- Exercise
Under this line is a listing; return exactly the lines starting at the one with "2026 Hyundai TUCSON SEL Plus" and running down to the one with "消防設(shè)施操作員證書(shū)好考嗎", and leave out its pictures.

- Materials provided

..............................

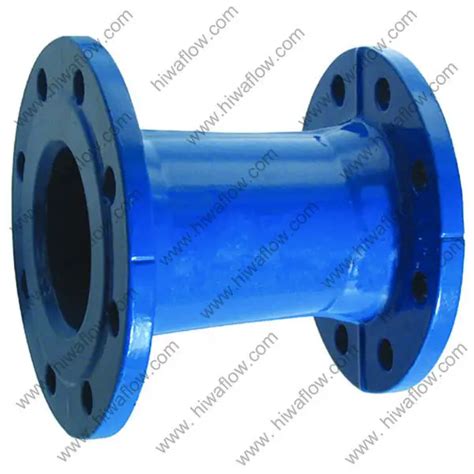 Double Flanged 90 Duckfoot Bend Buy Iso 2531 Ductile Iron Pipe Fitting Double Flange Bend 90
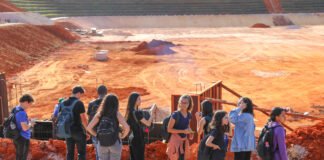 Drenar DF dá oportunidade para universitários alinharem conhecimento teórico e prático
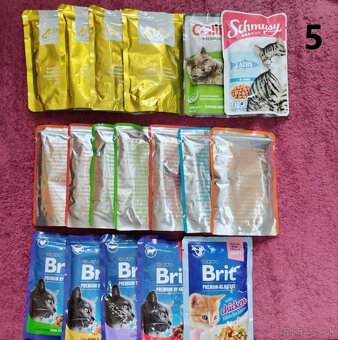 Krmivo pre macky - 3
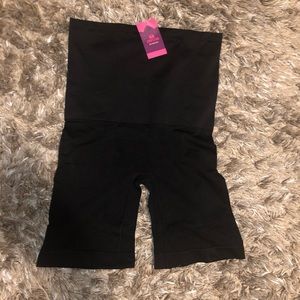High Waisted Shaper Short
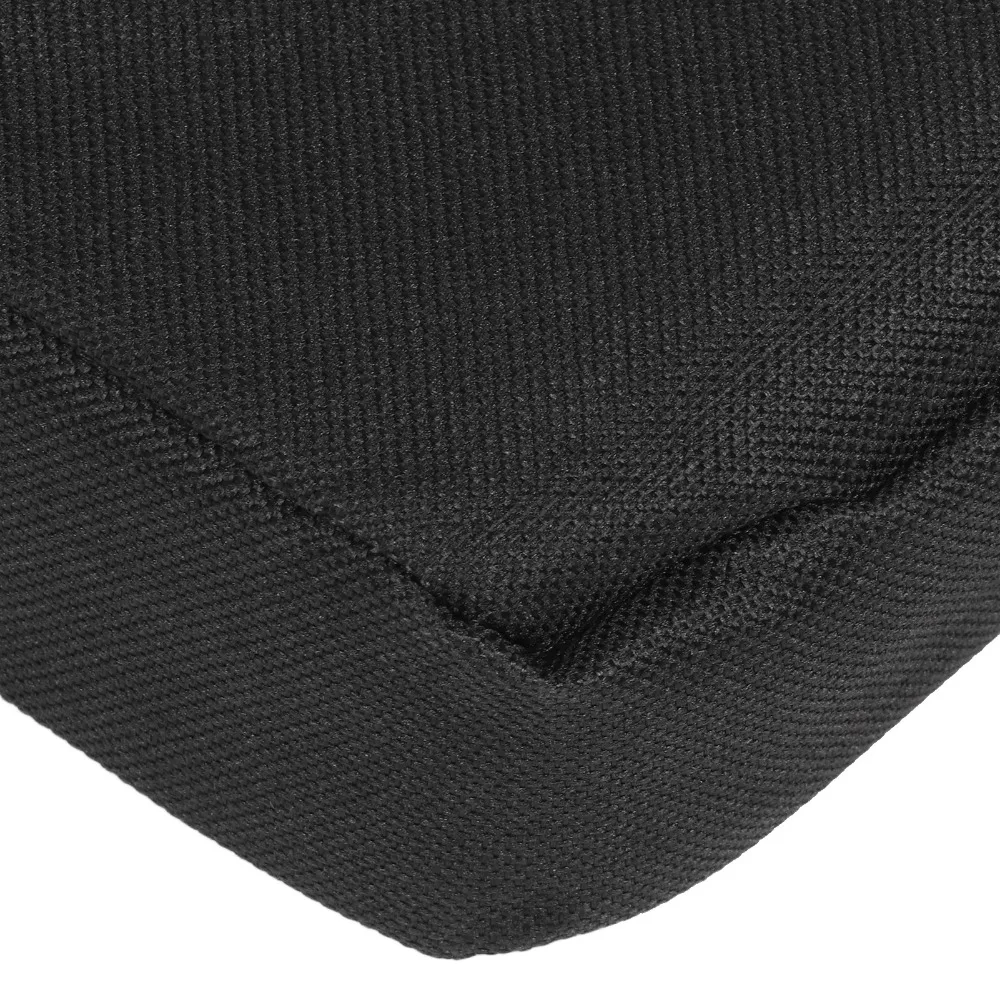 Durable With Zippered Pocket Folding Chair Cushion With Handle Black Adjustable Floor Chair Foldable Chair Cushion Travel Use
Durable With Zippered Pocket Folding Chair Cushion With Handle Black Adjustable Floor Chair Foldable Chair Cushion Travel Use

..............................

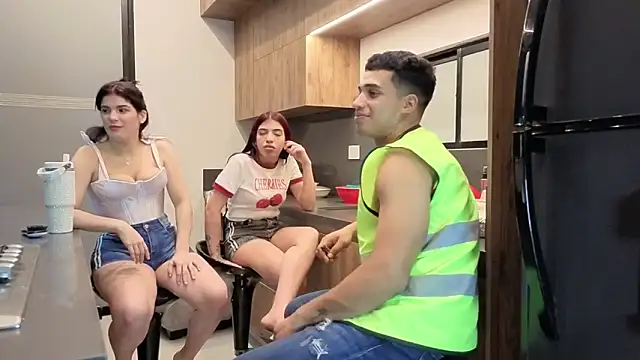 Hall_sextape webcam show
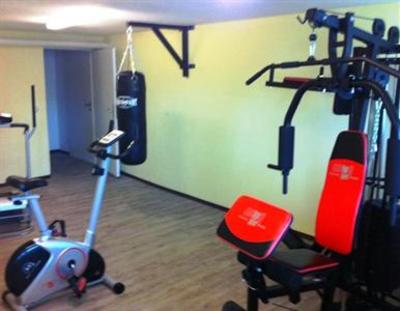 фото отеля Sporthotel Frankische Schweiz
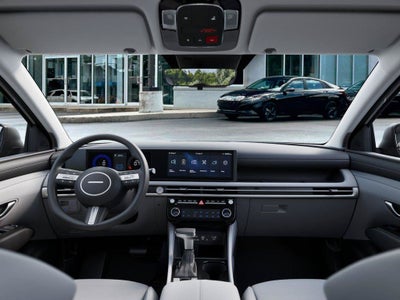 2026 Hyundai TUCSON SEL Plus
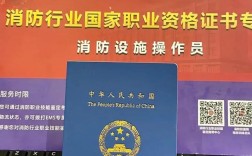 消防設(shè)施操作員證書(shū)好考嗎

..............................

- Result below
 2026 Hyundai TUCSON SEL Plus
 消防設(shè)施操作員證書(shū)好考嗎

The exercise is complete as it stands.